* PROVIDED ENTRIES *

----

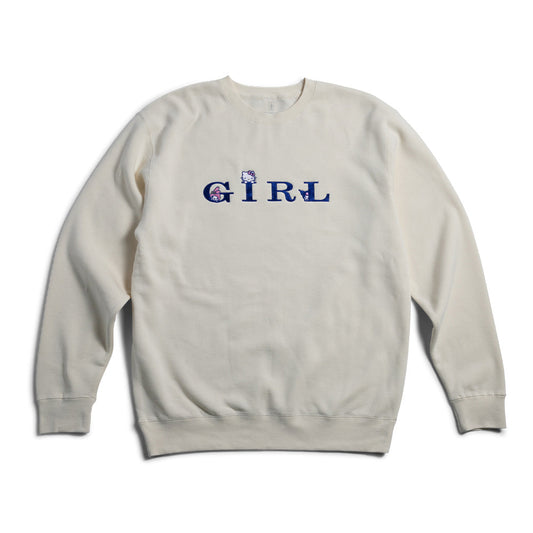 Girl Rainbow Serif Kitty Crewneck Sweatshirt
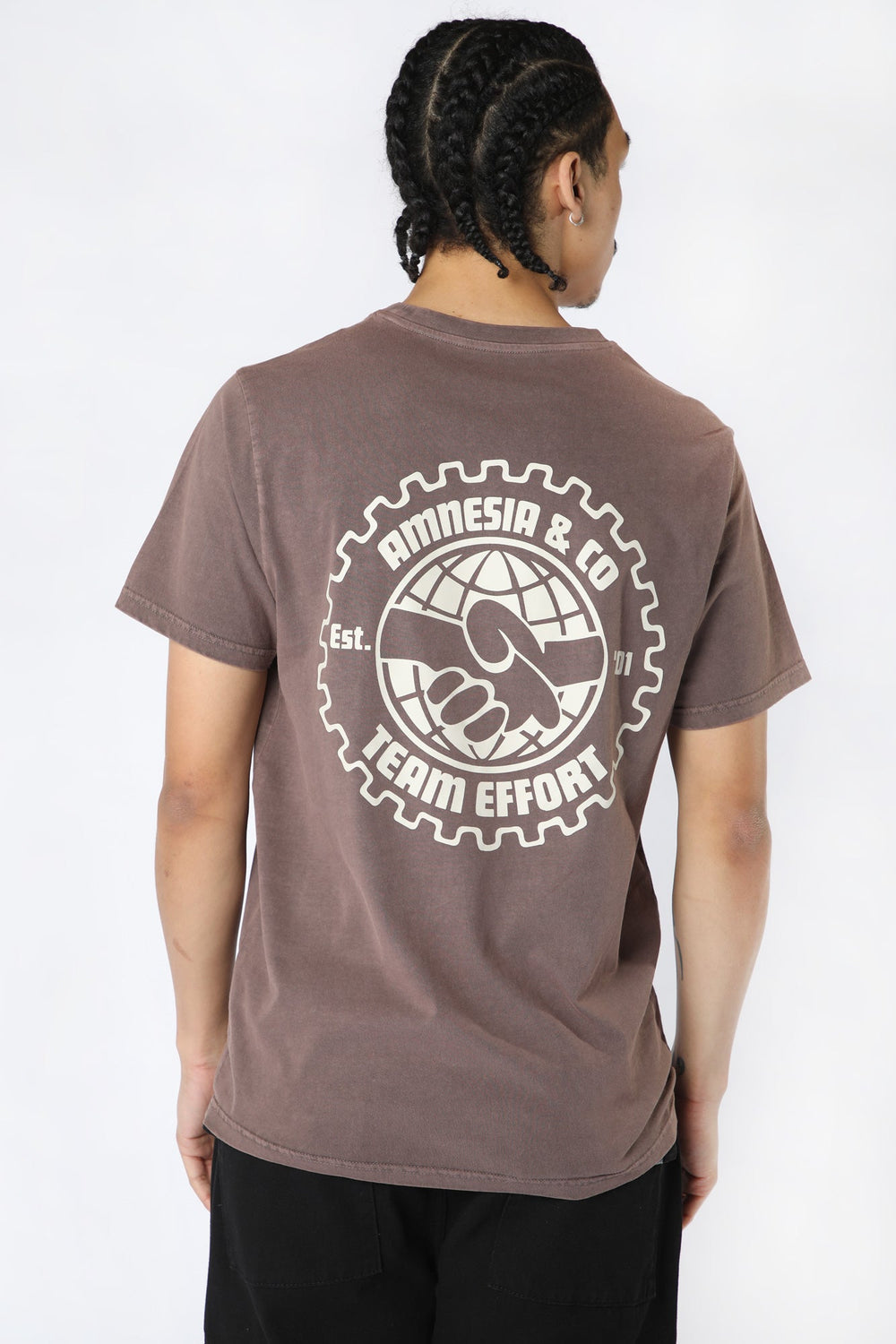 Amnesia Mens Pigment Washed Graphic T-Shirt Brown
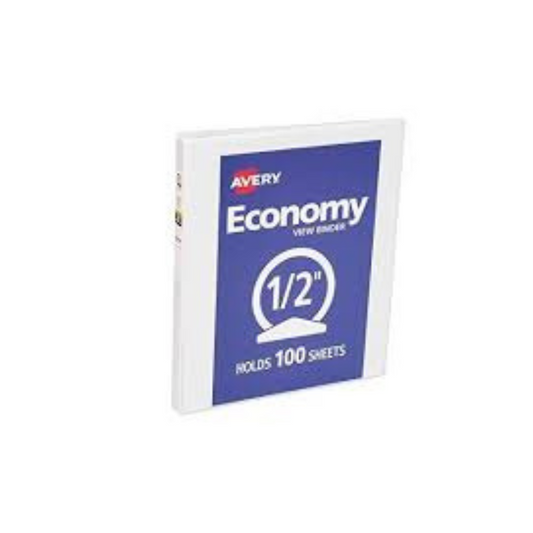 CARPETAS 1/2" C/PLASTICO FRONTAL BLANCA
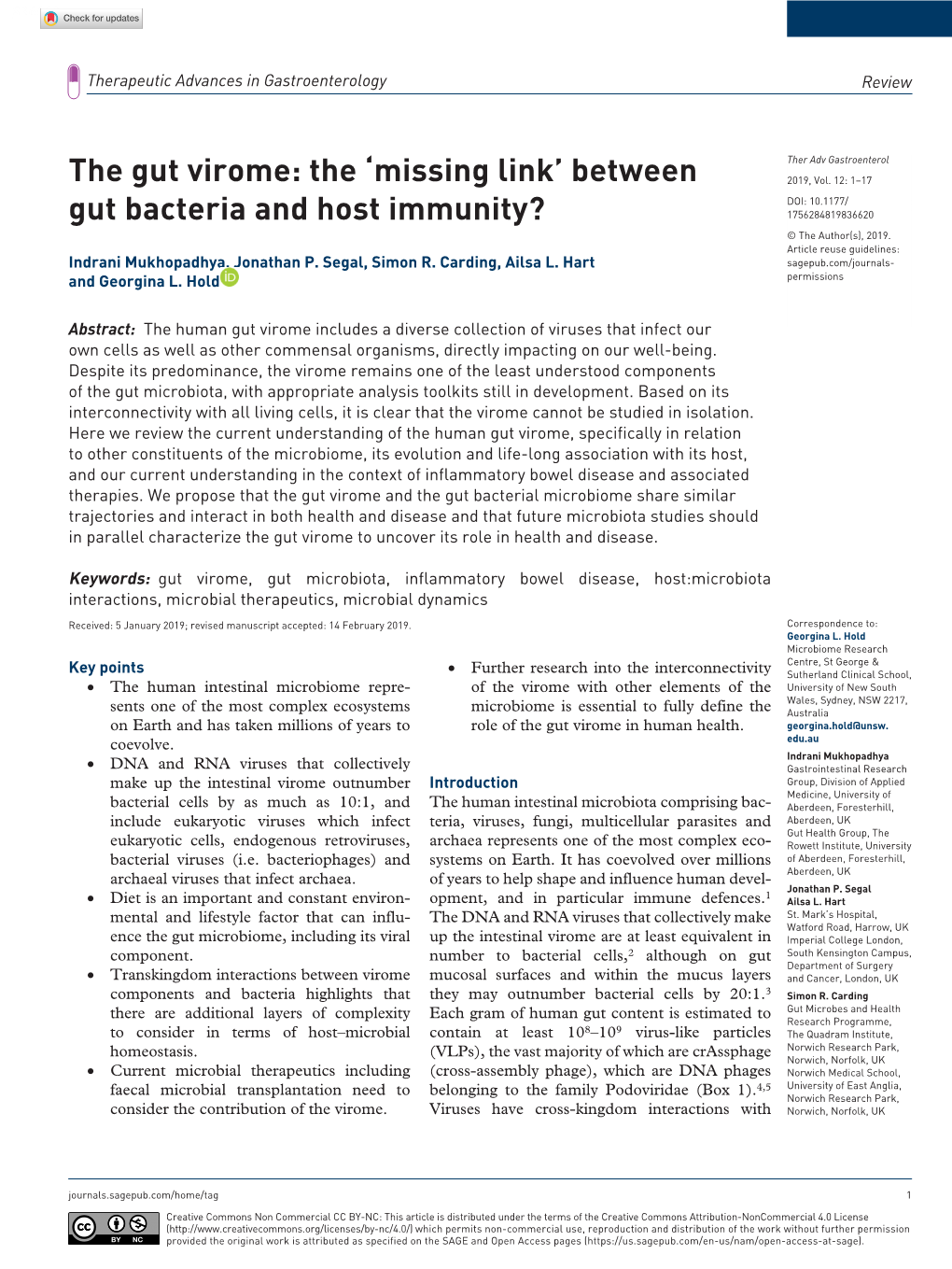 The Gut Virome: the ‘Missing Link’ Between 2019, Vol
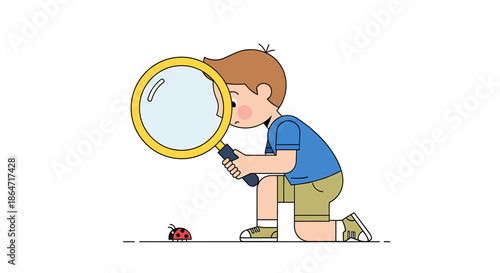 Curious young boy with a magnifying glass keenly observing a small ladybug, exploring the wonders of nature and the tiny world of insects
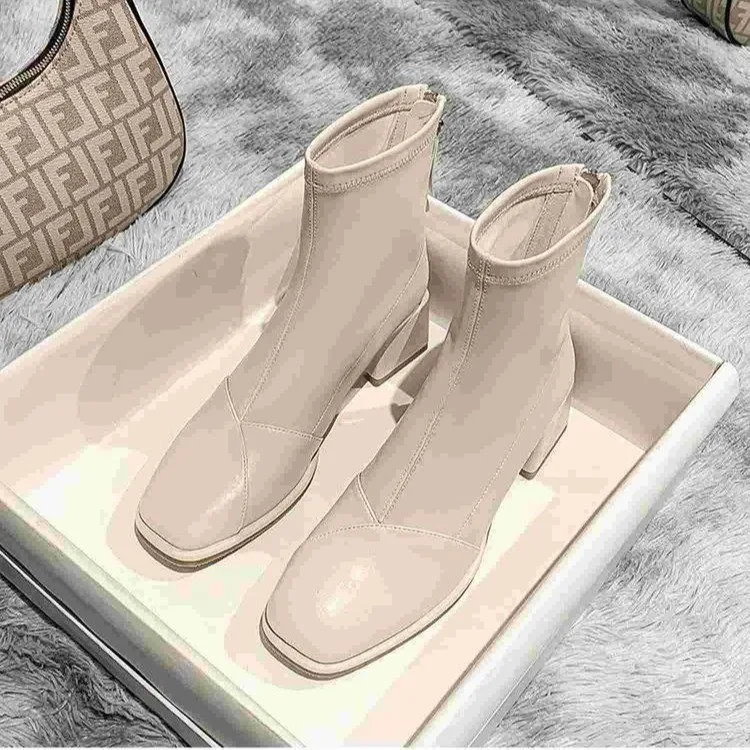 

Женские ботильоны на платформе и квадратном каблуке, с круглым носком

----

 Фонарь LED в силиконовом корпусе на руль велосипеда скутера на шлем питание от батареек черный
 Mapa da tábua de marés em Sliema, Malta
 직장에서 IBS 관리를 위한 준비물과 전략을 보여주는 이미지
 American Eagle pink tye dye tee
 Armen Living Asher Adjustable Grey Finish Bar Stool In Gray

----

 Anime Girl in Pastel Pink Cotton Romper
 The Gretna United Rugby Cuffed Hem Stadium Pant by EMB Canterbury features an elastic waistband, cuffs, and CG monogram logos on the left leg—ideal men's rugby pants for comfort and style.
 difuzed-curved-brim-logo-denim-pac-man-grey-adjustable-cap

----

* TASK DIRECTIONS *
Once the line with "The Gretna United" is found in the records above, print exactly that line and every line after it through the line with "difuzed-curved-brim-logo-denim-pac-man-grey-adjustable-cap".

* WRITTEN ANSWER *
 The Gretna United Rugby Cuffed Hem Stadium Pant by EMB Canterbury features an elastic waistband, cuffs, and CG monogram logos on the left leg—ideal men's rugby pants for comfort and style.
 difuzed-curved-brim-logo-denim-pac-man-grey-adjustable-cap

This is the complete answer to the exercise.